The Chief Justice on her part said in order (2) thus:

“2. For the avoidance of doubt, the 1st Defendant / Respondent is hereby ordered forthwith to take all the necessary steps to delete from the current register of voters the list of persons whose names were submitted to this court on 29th June 2016 as persons who registered with the NHIS Card”.

It will be seen, from an analysis of the syntax of the two orders, that both orders call upon the EC immediately or forthwith to take the necessary steps to delete the NHIS registrants from the voters’ register.

In order words, the orders were that whatever steps you need to take in order to delete immediately or forthwith the names of the NHIS registrants from the voters’ register, without recourse to the challenge and exhibition process, take them.

Such an order in contrast to those who have been arguing that the EC could only do so by using applicable laws (namely the exhibition and challenge process) was, if you wish, an order of automatic deletion, even though that was not the language of the Plaintiffs or of the Court.

Of course the Court also correctly and in fairness to those whose names were to be deleted ordered that the EC was “to give adequate notice to those affected by the order of the processes of deletion and re-registration, subject to eligibility”, in order not to violate their fundamental electoral rights and in order not to disenfranchise such persons.

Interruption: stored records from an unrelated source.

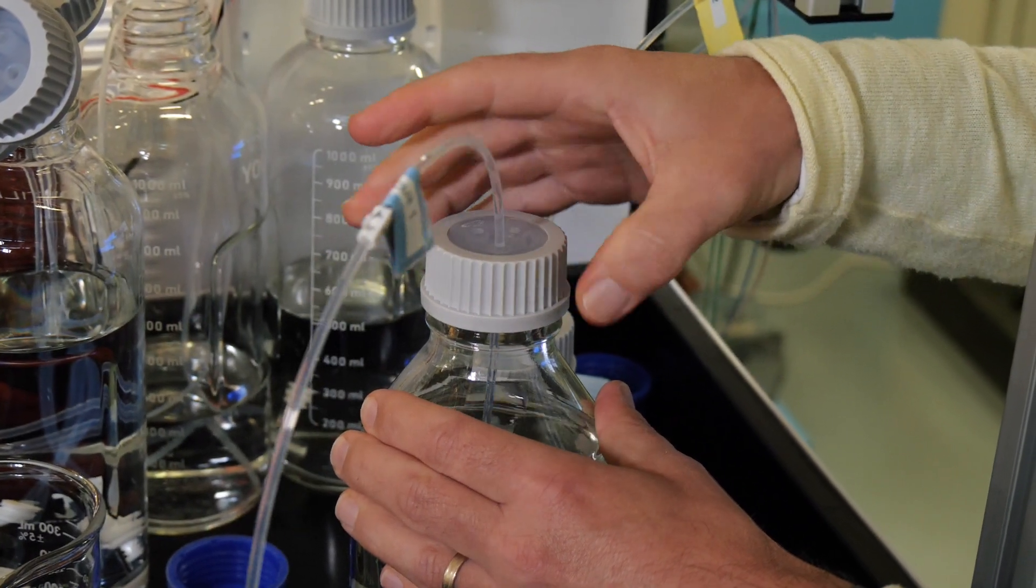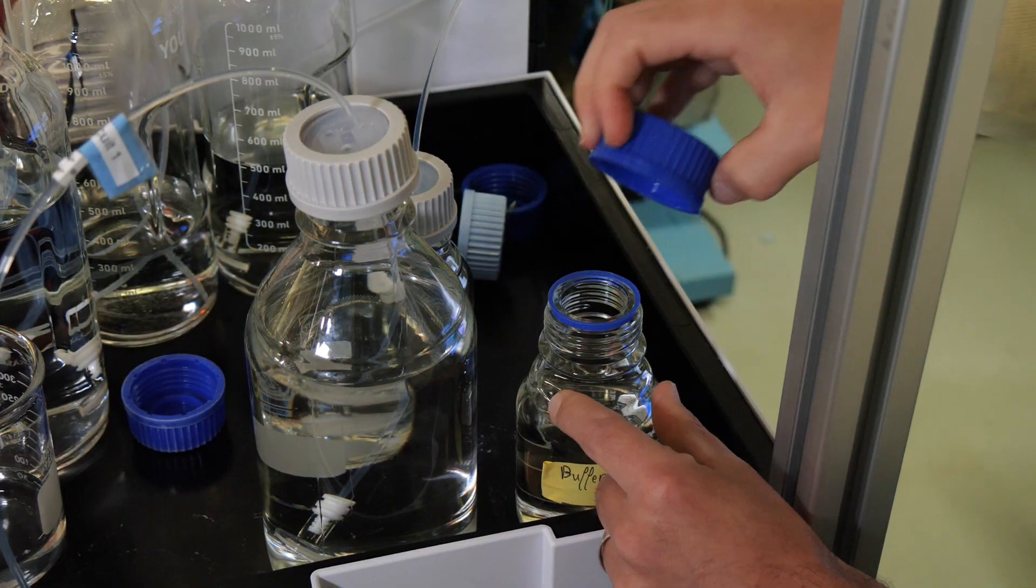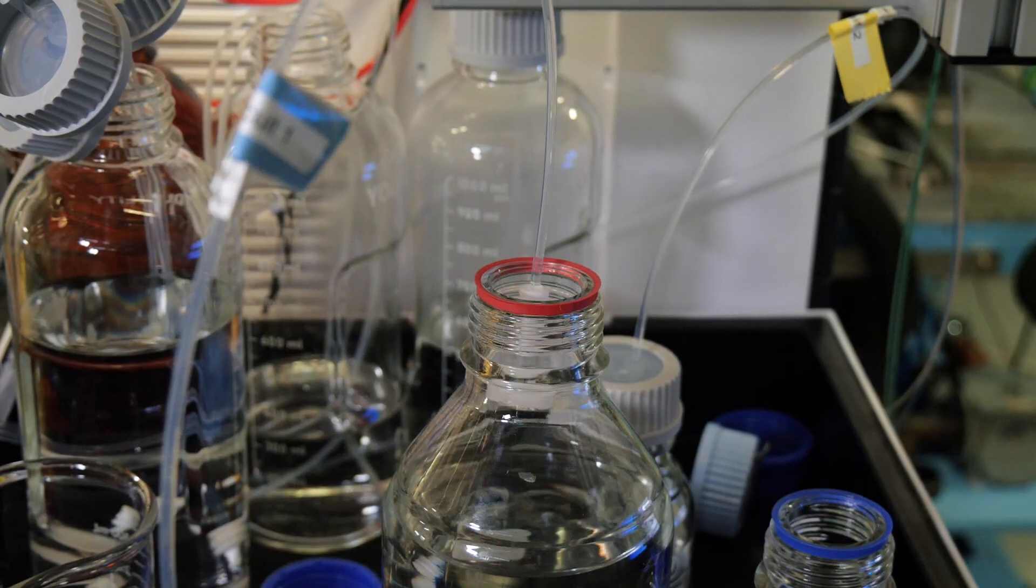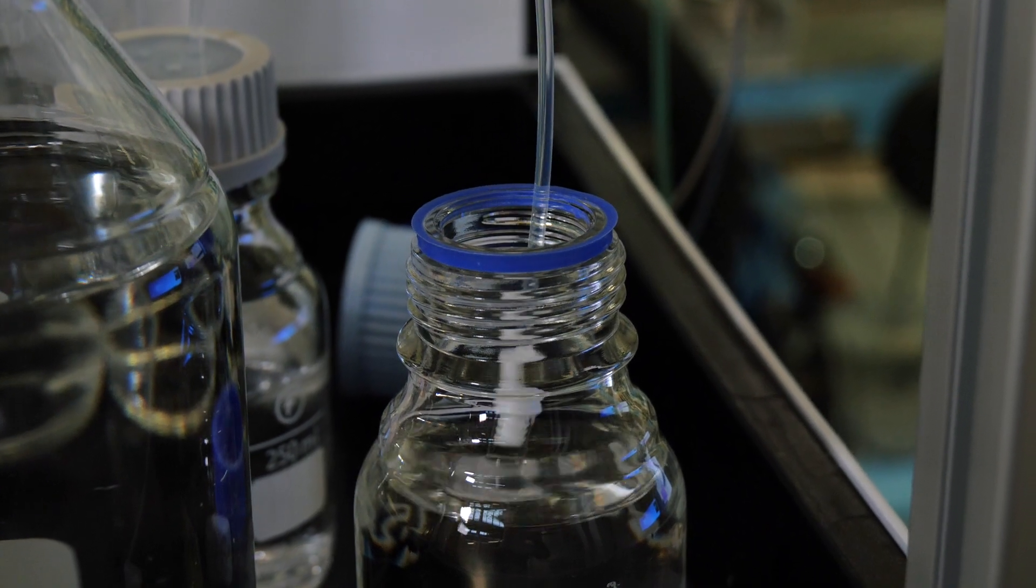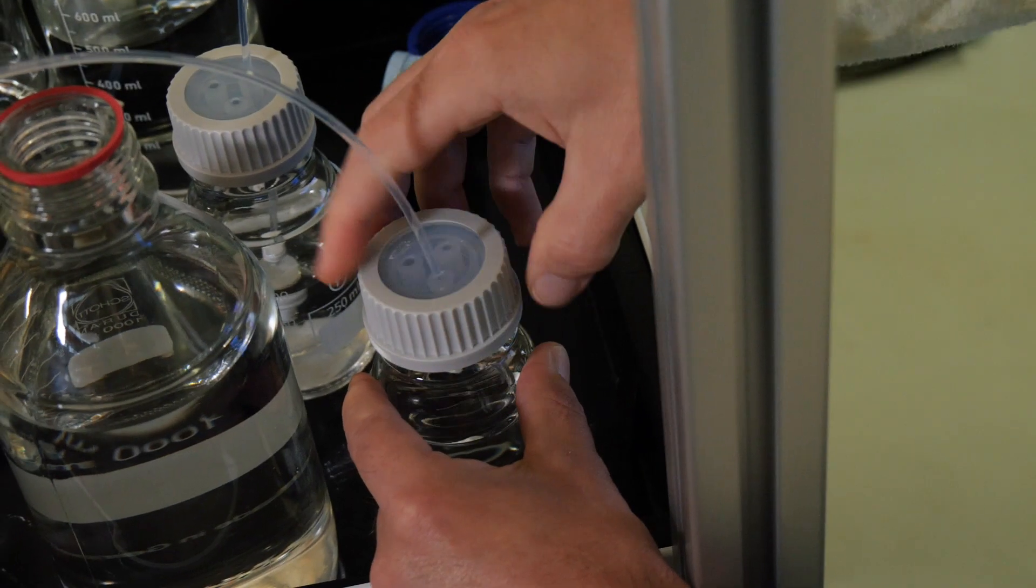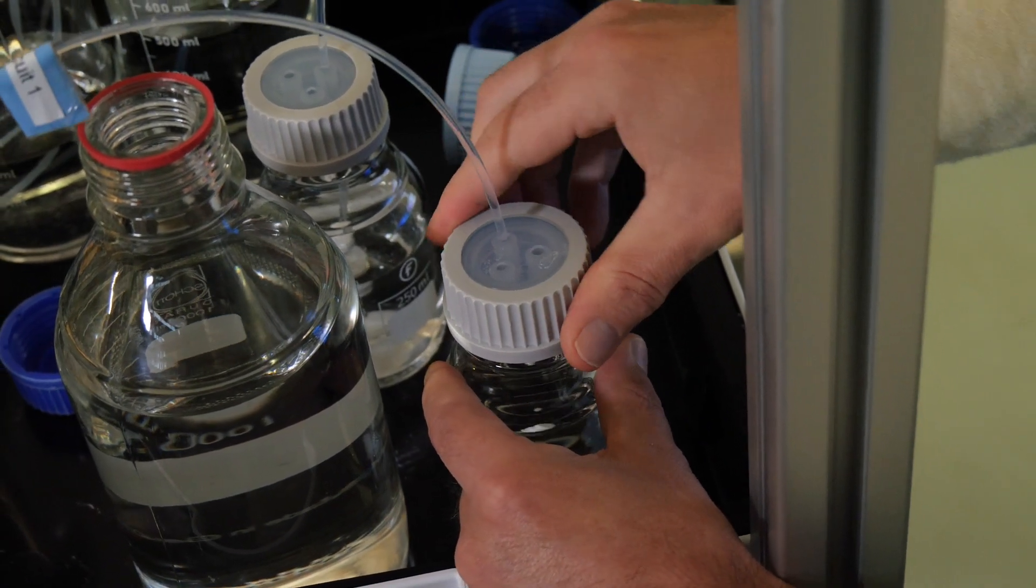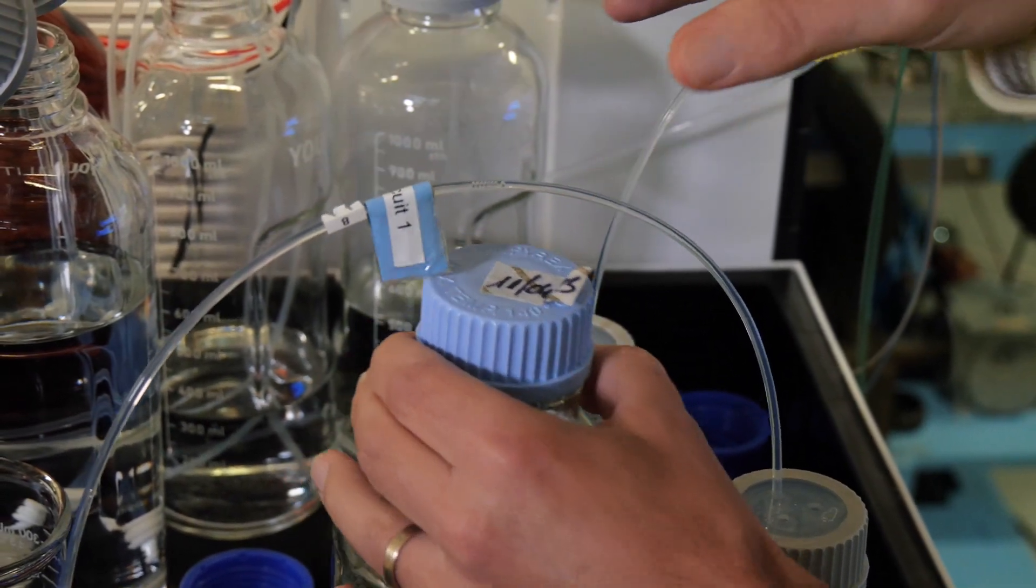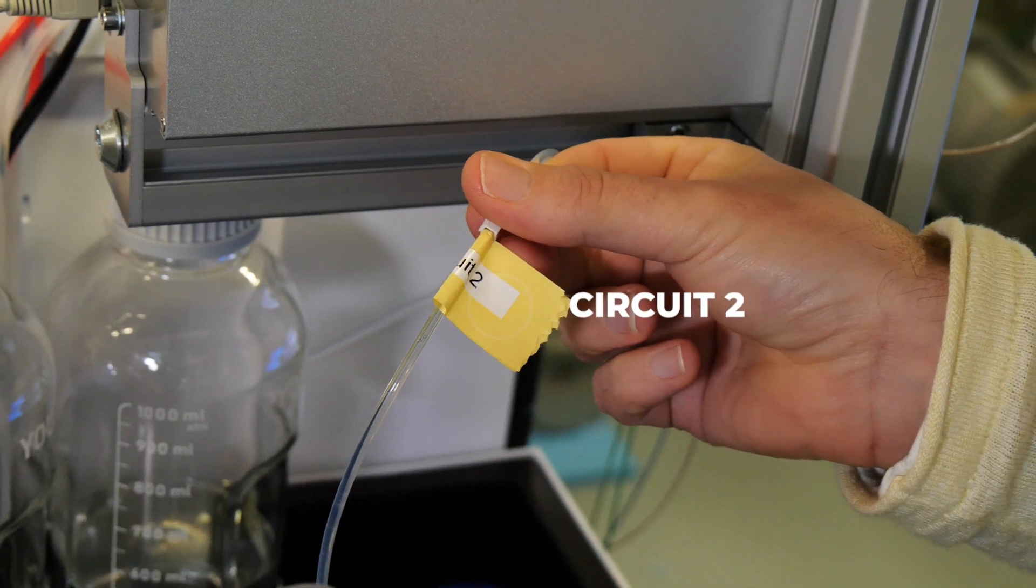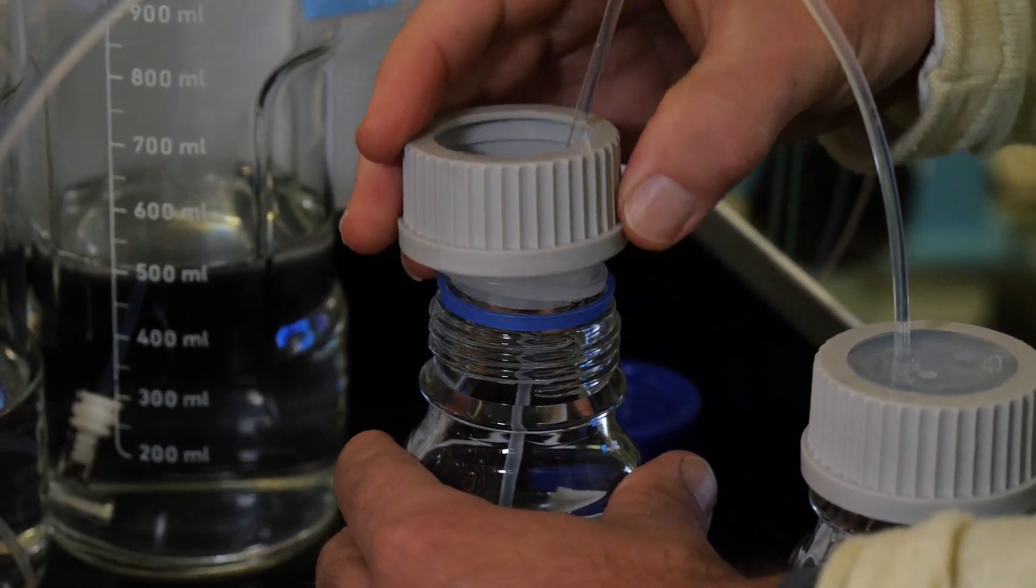If necessary, do the same for circuit two indicated with a yellow sticker.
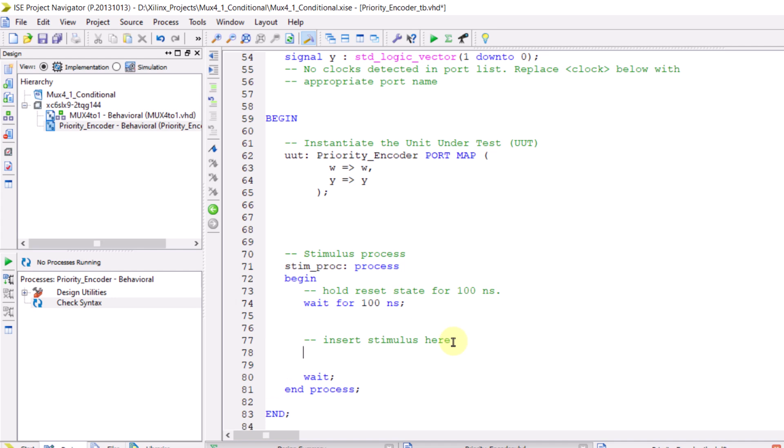Let's assign a value to W. I'll write W followed by a simple assignment operator. For example, I'll assign it the value 0110. This means W0 is 0, W1 is 1, W2 is 1, and W3 is 0. Since this priority encoder prioritizes the higher index bit, you can probably guess what the output will be. The highest index bit that's 1 is bit number 2, so we expect the output to be the binary representation of 2. Now let's run the simulation and see if that's the case.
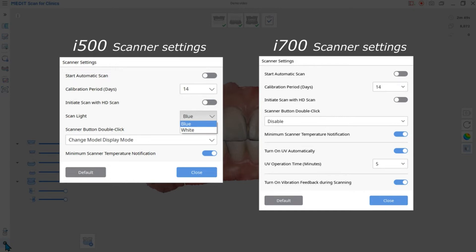Let's check the common settings between the I700 and the I500. Start Automatic Scan enables you to automatically start the scan without pressing the button upon entering the next stage.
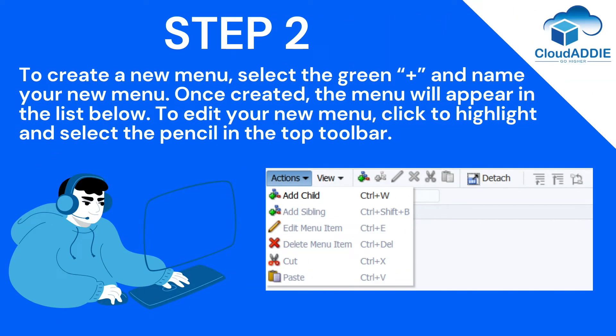Step 2. To create a new menu, select the green plus and name your new menu. Once created, the menu will appear in the list below. To edit your new menu, click to highlight and select the pencil in the top toolbar.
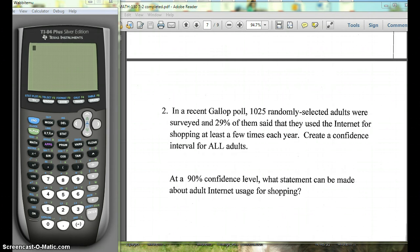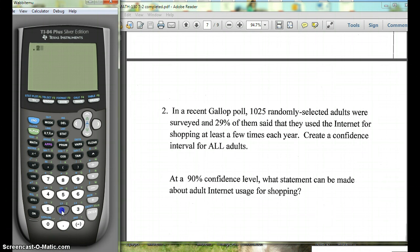We're going to need to put in three things. The first thing we need is how many of the 1,025 adults — the actual number, not just the percent — used the internet for shopping. That's our x value. Since 29% of them did this, we take 0.29 times 1025 to get x. So our x is going to be 297.25.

No one ought to have any difficulty with that aspect of the Court’s orders.

Certainly, the Plaintiffs, have never argued that those affected should not have notice of the processes of deletion and an opportunity to re-register. Their argument has always been that the orders of the Court required no other “applicable laws” for them to be carried out by the EC!!

The independence of the Electoral Commission Throughout the Abu Ramadan trilogy, the meaning and import of the independence of the Electoral Commission has dominated discussions, both in the public space and the judgments of the Court, with some suggesting that the Supreme Court cannot take over the functions of the constitutionally independent commission and so cannot give orders directed at the Commission.

While it is not in dispute that the Supreme Court cannot take over the functions of the Electoral Commission, it is playing to the gallery to suggest that when a party obtains a declaration that a particular provision of a law under which the EC operates or an action of the EC is unconstitutional and the Supreme Court makes consequential orders to enable effect to be given to that declaration, the Court, thereby, is encroaching on the independence of the EC or may be seeking to do what the EC was set up to do.

It is most unfortunate to frame any such consequential orders, (directed to ensure that the acts of EC or any other independent constitutional body are in compliance with the Constitution) as undermining the independence of such constitutional bodies or taking over their functions.

The EC and the other independent constitutional bodies, it need be emphasized, are creatures of the Constitution.

They owe their independence to the provisions of the Constitution, and that same Constitution makes clear that their independence is subject to the provisions of the Constitution and to the supervisory jurisdiction of the superior courts to ensure that their actions are in accord with the Constitution and within the law.

That is why article 295 (8) of the Constitution provides the following, in no uncertain terms:

“No provision of this Constitution or any other law to the effect that a person or authority shall not be subject to the direction or control of any other person or authority in the performance of any functions under this Constitution or that law, shall preclude a court from exercising jurisdiction in relation to any question whether that person or authority has performed those functions in accordance with this Constitution or the law”

It is salutary for the EC and its members to bear in mind this important provision of the Constitution whenever they assert their constitutional independence.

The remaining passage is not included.